I do not have a mother.
This being the 21st century though, I do indeed have my mother on Facebook. She appears to be working in a mid-sized city on the other side of the country with some of her extended family. She enjoys Reddit, I gather, and thinking up witty status updates.
With those observation, I wish her all the best in her twilight years, and return to the subject of my father.
Because today’s story (remember?) is for the fathers. Above all, it is for my father, the man to whom I owe everything. The man who dedicated his life to fighting for me and the two people I love the most in the world.
Perhaps it seems like my Dad has had a rough life.
But here’s what he has now.
His three grown children always have time to come over for dinner, breakfast, a long walk with the dog, or just to hang out.
Aside from his oldest son, who is apparently a self-styled “professional blogger” with an annual income that would embarrass a Rwandan McDonald’s cashier, all three are happy, healthy, and on the cusp of what appear to be successful and interesting lives.
His business has been successful enough for him to move into a nice house, work part-time, and save enough for a comfortable retirement.
Most importantly: The three of us – my brother, my sister, and myself – will never forget the sacrifices he made for us.

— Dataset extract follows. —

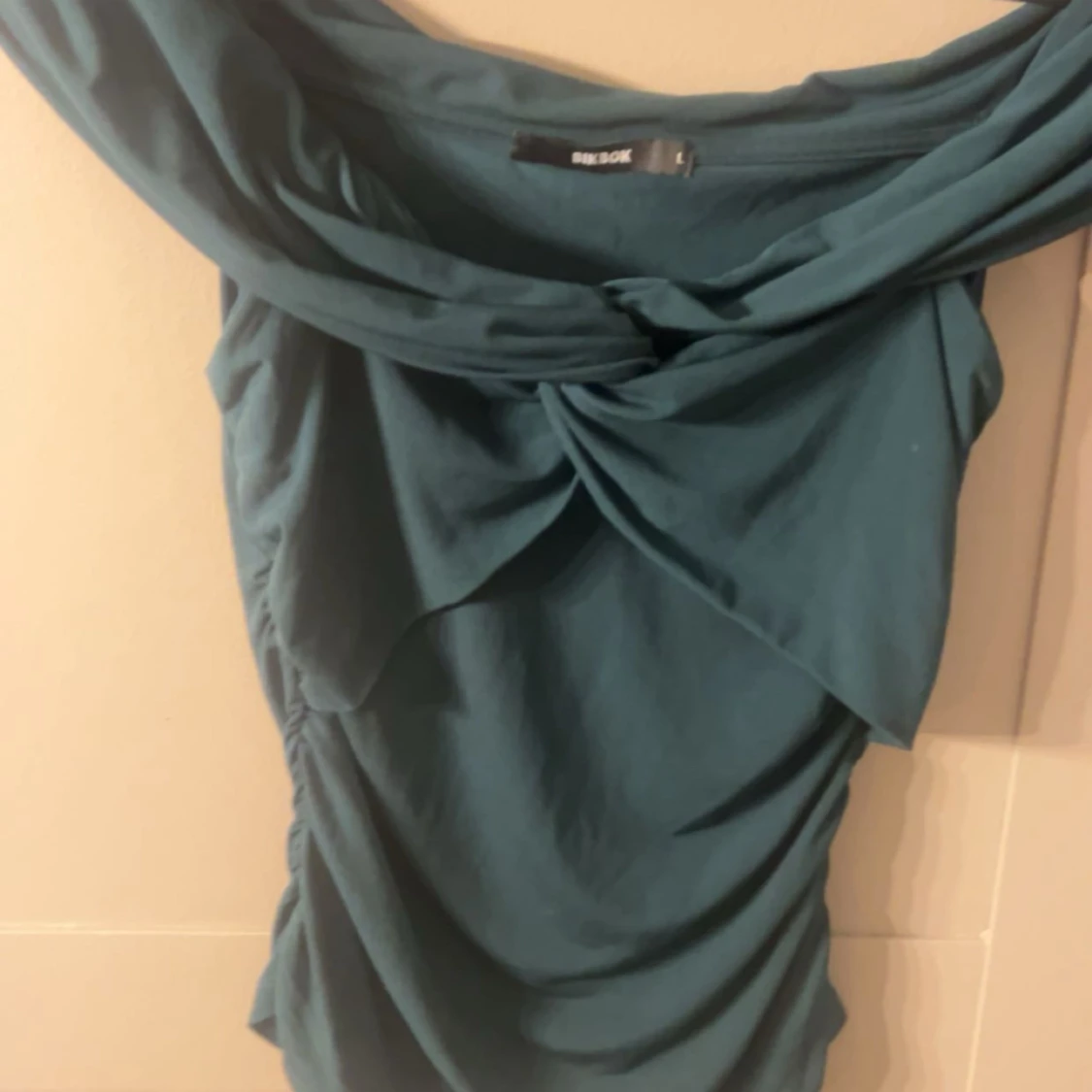 Mörkgrön omlotttopp från Bikbok - 2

He will grow old surrounded by our families. He will never doubt how grateful we are, and how much we love him. In his later years, when he needs help gardening, cleaning, painting, fixing, building, or anything else, we will help him. If he ever needs home medical care, he will get it in one of our homes, not some cold, grey filing cabinet for old folks. If he ever needs someone to hand-feed him, give him sponge baths, and wipe his ass for him…
Well, I’ll hire a nurse. But I will hire the hottest fucking nurse I can find.
* * *
To all the good father’s out there who can’t be with their children today, this post is for you. Stay strong. It gets better. Happy Father’s Day.